Here project 1 depends on two different projects that are both implemented in language 1. Just like above these two projects don't know of each other because their dependency chain goes via language 2 that hides it. Both of these projects have their internal dependencies embedded so they can be built from scratch without problems.

The problem here is that due to basic popularity and probability theory, the embedded dependencies of these two projects have many of the same dependencies. The dependencies might have the same versions or they might differ. If they both end up in the toplevel executable you get, depending on your toolchain and the phase of the moon, either a working binary or the nastiest of linker bugs to fix.

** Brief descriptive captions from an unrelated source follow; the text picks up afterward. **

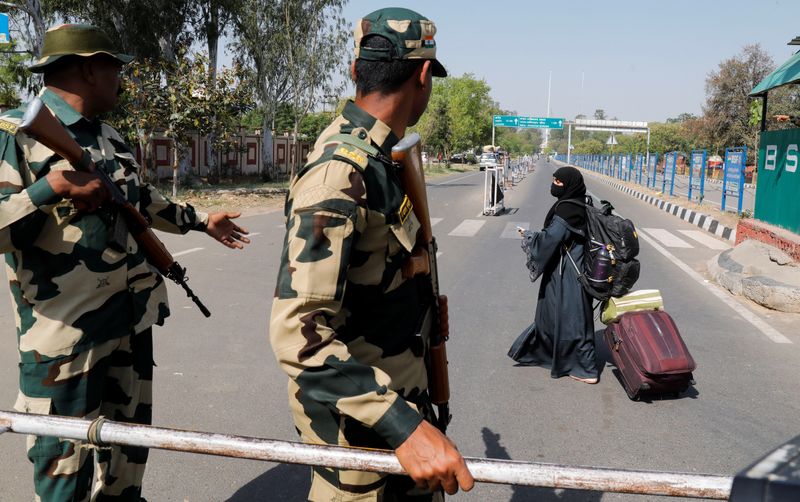 FILE PHOTO: A woman crosses a Border Security Force (BSF) checkpoint at the Attari-Wagah crossing on the India-Pakistan border near Amritsar, following Tuesday’s attack on tourists near south Kashmir’s scenic Pahalgam, India, April 25, 2025. REUTERS/Pawan Kumar/File Photo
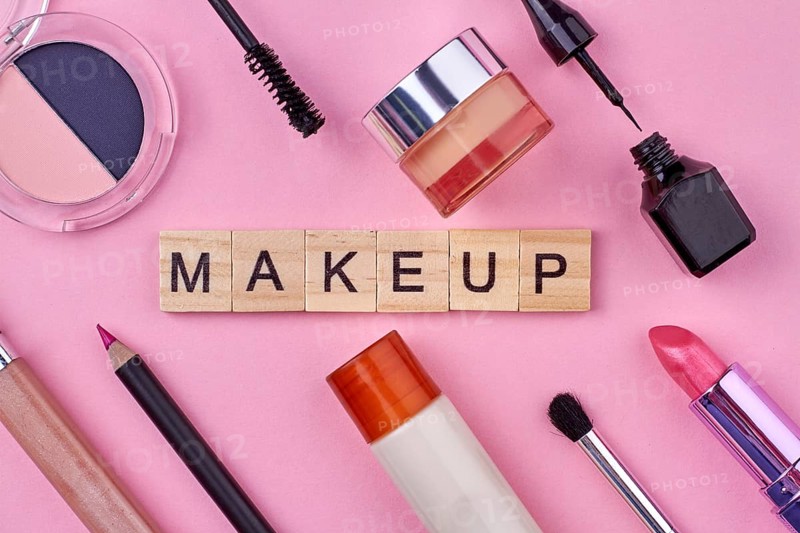 Close up of various female makeup accessories on pink background. Wooden cubes with text makeup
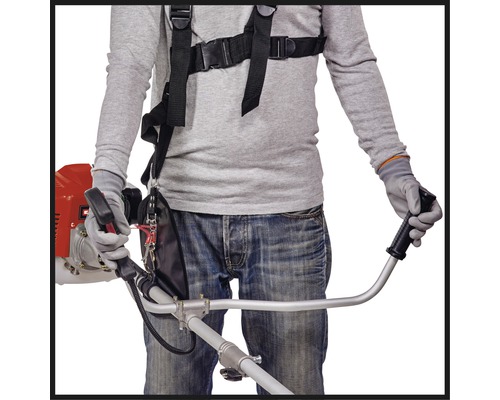 En person som använder en röjsåg med bärsele.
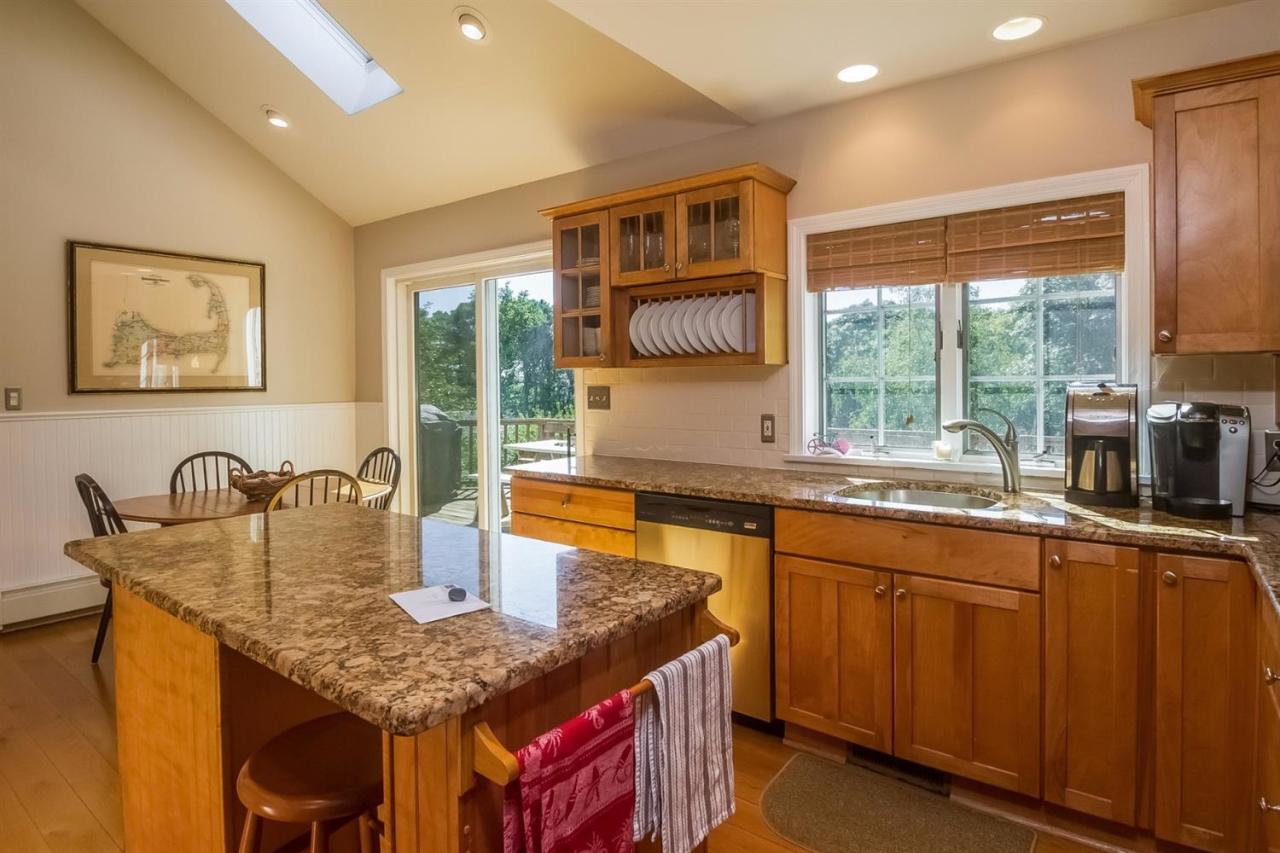 41 Harbor Hill Road Chatham, MA 02633 - Photo 10 of 35 a kitchen with stainless steel appliances granite countertop a sink a stove and a refrigerator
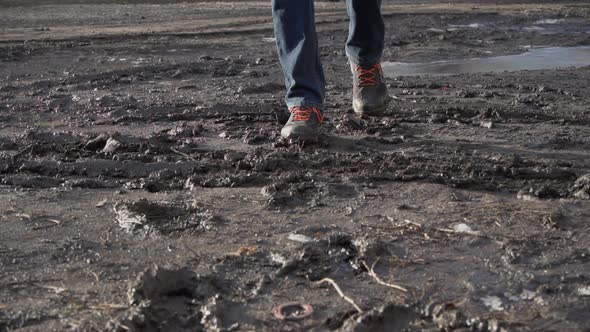 Man in Boots Walks Through the Mud Splashing From a Puddle in Slowmo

Even if this yields a working program there is a big downside: compilation time takes up to twice as long because you have to compile the same dependencies twice in different but isolated parts of the build tree. As a rough approximation this means that adding a dependency to a dependency graph like this goes from being a O(1) more work to being O(N) more work because dependency graphs can not be deduplicated if there is a dependency of a different language between the two. It is left as an exercise to the reader to visualize what this would look like on a huge project such as Chromium.

The simple solution

There is a simple solution to this problem and it is very popular among language zealots: reducing the number of languages to one by claiming that in the future everything will be written in their own favourite language. It does not matter what the growth rate of complexity is if it will only be evaluated for the value 1.

The reduction of programming languages to one is expected to happen any minute now, immediately after mr Godot brings us the news on Eastasia's surrender.

The real problem

All of this boils down to the fact that language specific build systems are two opposing things at the same time. They are both a very comfortable gilded cage and an extremely isolating silo. They fertilise and promote cooperation within their own group but make things a lot harder for cooperation between groups.

One of the things we learn from history is that people who have opposed cooperation have, ultimately, lost to those who have promoted it. Maybe we should heed the teachings of history and start working towards better, more encompassing dependency management.